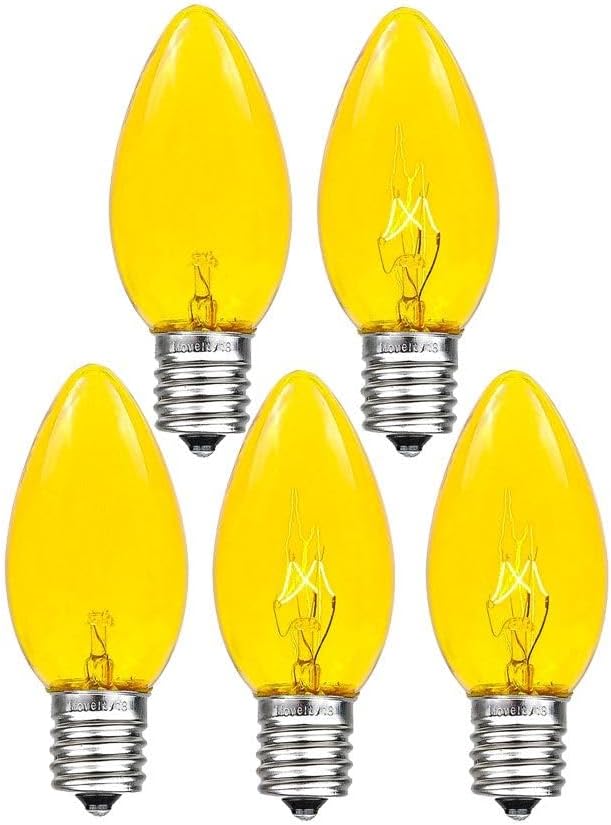 Novelty Lights Incandescent Christmas Replacement Bulbs - Indoor/Outdoor Individual Bulbs for Christmas Tree, Display, & More - C9/E17 Intermediate Base, 7 Watt Lights (Yellow, 25 Pack)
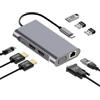 MMOBIEL Hub da USB-C a Doppio HDMI - Adattatore 8-in-1 USB-Hub e 100W PD - Docking Station per USB 3.0, 2x USB 2.0, 2x HDMI, VGA, PD e ETH - Triplo display per laptop, smartphone ecc. - Alluminio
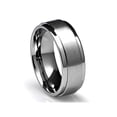 thumbnail image 1 of Mens Wedding Band in Titanium 8MM Ring with Flat Brushed Top and Polished Finish Edges, 1 of 2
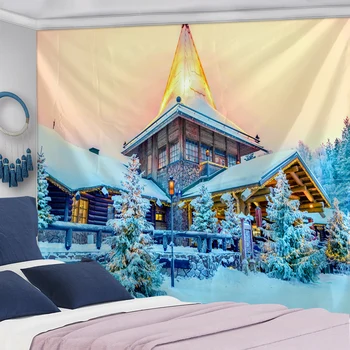 Modes Ziemassvētku Sienu Tapsējuma Sniega Skats Koka Māja, Hipiju Mandala Indijas Tapices Mājas Interjera Dekorēšanai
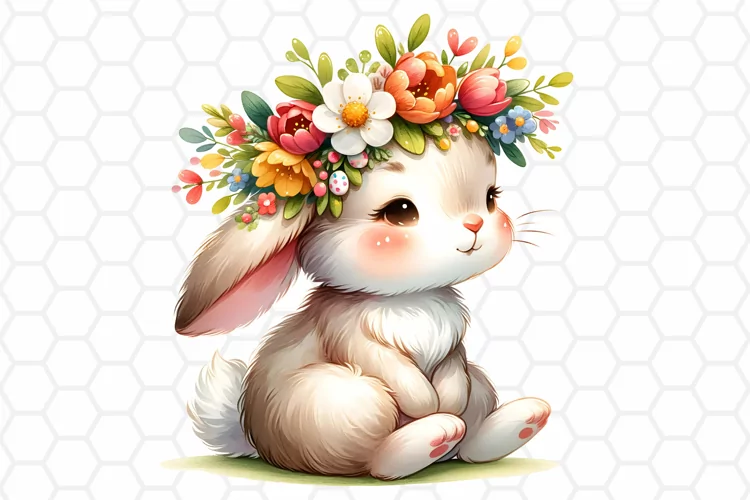 Cute Easter Bunny Watercolor Clipart | Easter PNG Design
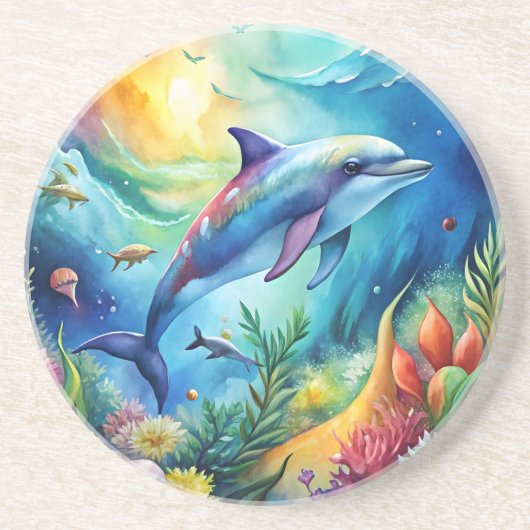 Bemalter Delfin Getränkeuntersetzer (Vorne)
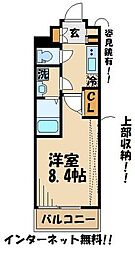 京王線 芦花公園駅 徒歩6分の賃貸マンション 5階1Kの間取り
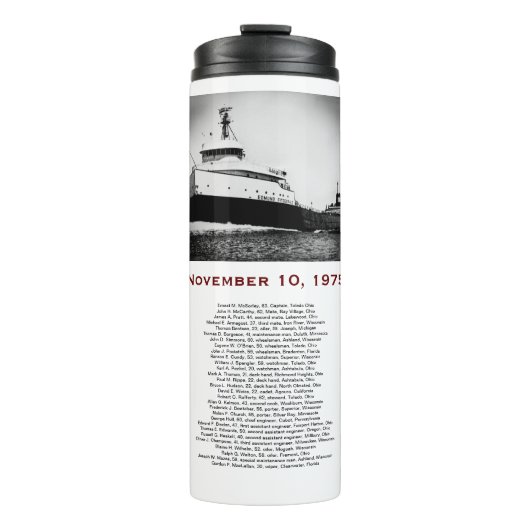 The Edmund Fitzgerald with Crew Names Mug Thermosbeker (Voorkant)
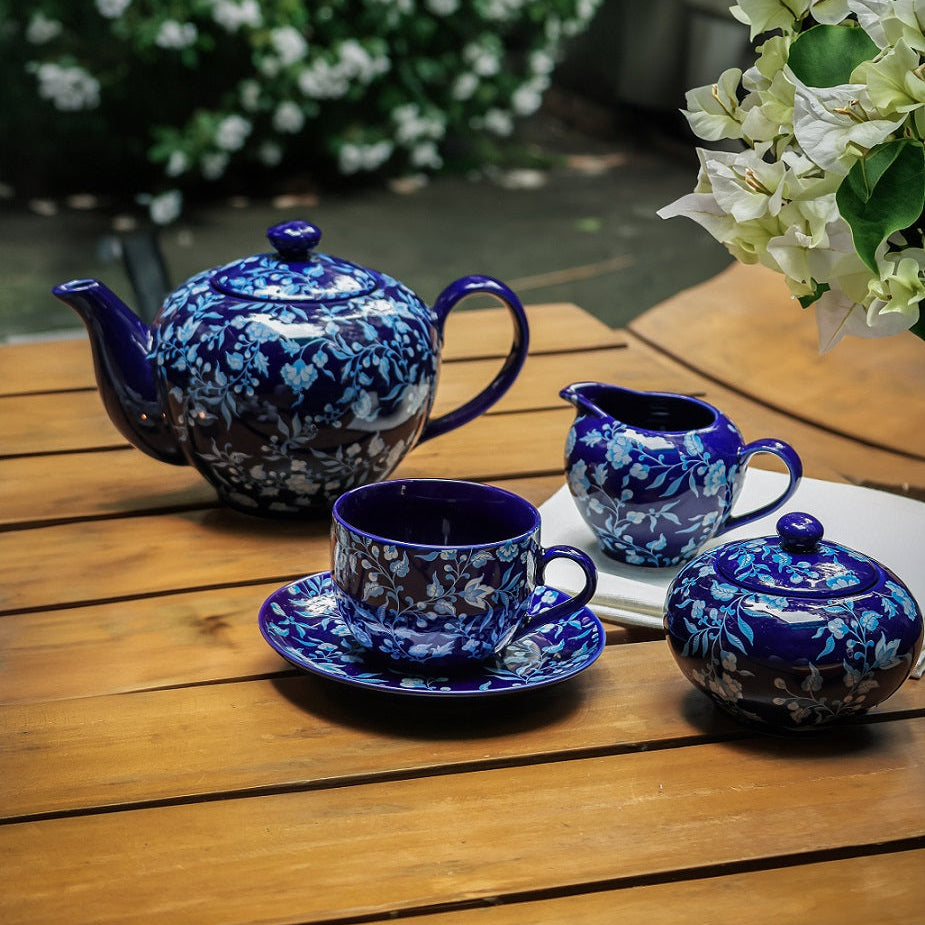 Indigo Petals Tea Set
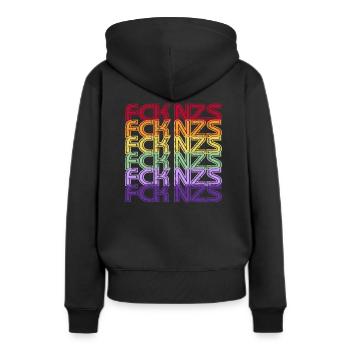 FCK NZS - Die Welt ist bunt! - Gegen Rechts - Frauen Premium Bio Hoodie - Schwarz - Hinten - Julia (174cm)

——

### Task to carry out
What is needed is an exact copy of every line from the one with "Bemalter Delfin Getränkeuntersetzer (Vorne)" to the end of the listing above, with the pictures left out.

### Response
 Bemalter Delfin Getränkeuntersetzer (Vorne)
 京王線 芦花公園駅 徒歩6分の賃貸マンション 5階1Kの間取り
 The Edmund Fitzgerald with Crew Names Mug Thermosbeker (Voorkant)
 Indigo Petals Tea Set
 FCK NZS - Die Welt ist bunt! - Gegen Rechts - Frauen Premium Bio Hoodie - Schwarz - Hinten - Julia (174cm)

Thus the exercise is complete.